Pailthorpe, a contemporary artist who works with emerging technologies, spoke of the four years he spent working in relation with Adam and Angie on the Tracker Data Project. During this time he, like the project, became acquainted with Adnyamathanha Kinship system, a system based on two moieties (or blood groups) with specific characteristics: Ararru (North Wind), to which Goodes belongs, and Mathari (South Wind). This connection manifested throughout the project. For example, Pailthorpe recognised measurements taken in relation to the magnetic north in the expanse of Goodes’ biometric data and, grounded in the Adnyamathanha ontology, saw synergy in the ‘North’ character of Adam’s moiety, Ararru. Yet this only became visible to Pailthorpe after he spent time with Adnyamathanha elders. This anecdote highlights the power of ontology in determining our sight, in defining fields of visibility and invisibility. What worlds, what connections, exist outside one’s own ability to recognise them?
These three collaborators, in relation to each other, and to the project, exemplify a profound tethering; one that recovers violent histories of colonial surveillance, genocidal policies, and dislocation and reconnects otherwise abstract “data” to culture, place and history. When abstract data is tethered to place, that process of recovery includes the generative power to call into being. It can weave an outsider such as Pailthorpe in, training new fields of reality. And briefly, thanks to the generosity of the Tracker Data Project’s creators, we in the webinar felt tethered to something too.

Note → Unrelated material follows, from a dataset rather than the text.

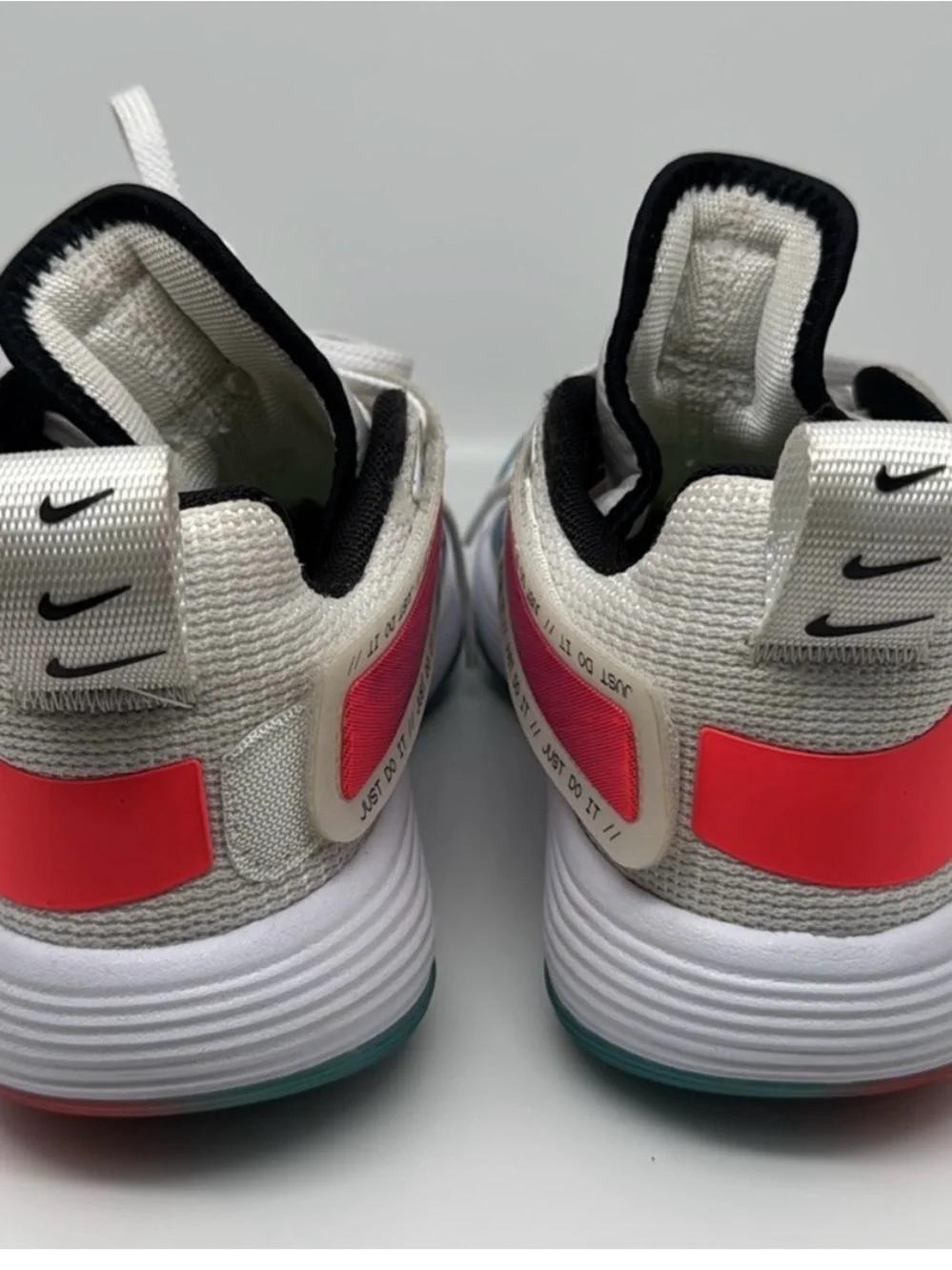 Nike White Volleyball/Basketball Shoes with Blue and Pink Accents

This connection highlights the Tracker Data Project’s transformational nature; for the non-Indigenous Australian participants at least, the project enables a felt connection to a hitherto invisible past, present and future. Abdilla epitomized this emotional effect through her description of entering the Wirra (tree) in the exhibition. The tree is important because it inverts the spatial expectation of entering an enclosed space. On entering the depths of the Wirra expectations, feelings of enclosure and confinement give way to an experience of expansion as the viewer meets with projections of Adnyamathanha Country: ‘of the world opening up.’